A number of Christians — anywhere from five to 30 — were reportedly killed by suspected radical Fulani herdsmen during social unrest stemming from the murder of a Christian man last Sunday, local sources report.
According to The Daily Post, police have confirmed that at least five victims were killed in the societal violence that took place in the local government area of Jos in the Plateau state on May 26.
However, the head of a local Christian association has put the death toll of Christians from last Sunday’s violence at about 30.
Authorities reported that at least 12 homes were burned in the violence as Christian and Muslim herdsmen communities clashed after local Christians took to the streets to protest the death of Enoch Monday.
State police told media that Monday’s body was found around the Tina Junction in Jos.
“On [May 26] at about 11:30 [a.m.], the Plateau State Police Command received a report from one Sarki Arum of Tina Area of Jos North Local Government Area of Plateau State that one Enoch Monday of Tina was seen lying motionless at an area between Dutse Uku and Angwan Damisa in Jos North Local Government,” the statement from Public Relations Officer DSP Tyopev Matthias Terna reads.
“The Command immediately mobilized to the area and removed the body to Plateau Specialist Hospital where he was confirmed dead by the doctor on duty and corpse deposited at the mortuary of the same hospital.”
According to police, local youths in the area gathered to protest following Monday’s death.
“This has always been the trend in the area. Once anyone crosses over to the other side, his or her safety was never guaranteed,” a local source told The Daily Post. “These are Christian and Muslim communities that share boundaries. However, gunshots began renting the air from all sides with people running helter-skelter, including those coming back from Church.”

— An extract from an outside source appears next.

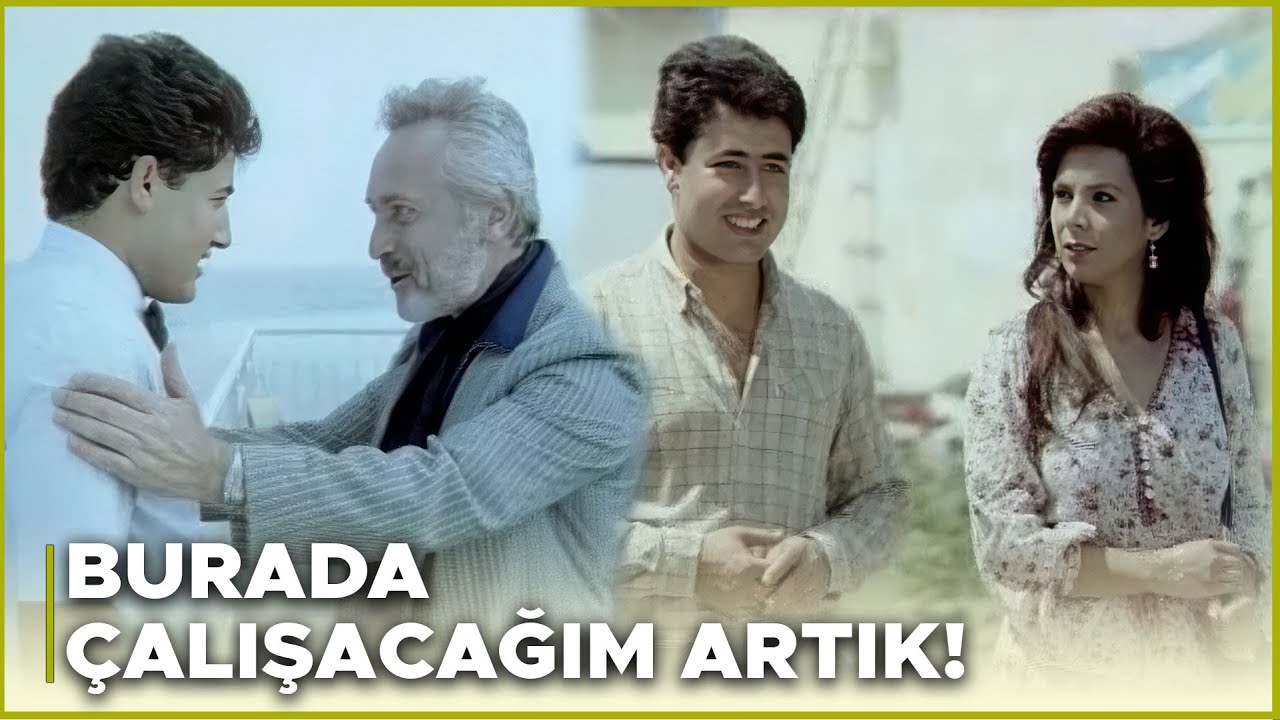 Sevda Türk Filmi | Dayısı Mahmut'a Sahip Çıkıyor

Officers were sent to the impacted areas to help restore peace.
A local Christian man named Peter Sarki assured to the U.S.-based persecution outlet Morning Star News that at least seven Christians were killed and more than 12 others were injured in the violence.

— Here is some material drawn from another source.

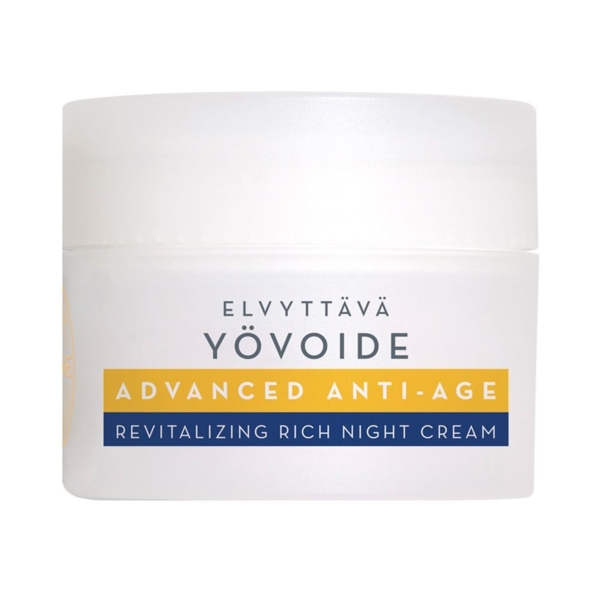 Крем нічний відновлюючий антивіковий Lumene Klassikko, 50 мл (8000018228417) - Pampik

Rev. Luke Shehu, head of the Arewa Christians and Indigenous Pastors Association, said in a statement that at least 30 people were killed and 20 homes were burnt in less than 12 hours by “Muslim militia.”
According to The Punch, Shehu said that some of the perpetrators were “in military uniforms.” He added that all the areas impacted by the violence border Muslim communities.
“These targeted attacks on innocent Christians are unacceptable, particularly with confirmed arrests of over 30 Christian women fruit and food vendors by soldiers around Tina junction in Jos after the attack today, 27th May 2019,” Shehu asserted.
Shehu added that the killings are a “sacrilege unimaginable to be carried out in the month of Ramadan.”
Along with Monday, Sarki identified another slain Christian man as Istifanus Ismailaj. Both of Ismailaj and Monday, Sarki said, were killed on their way home from an Evangelical Church Winning All service.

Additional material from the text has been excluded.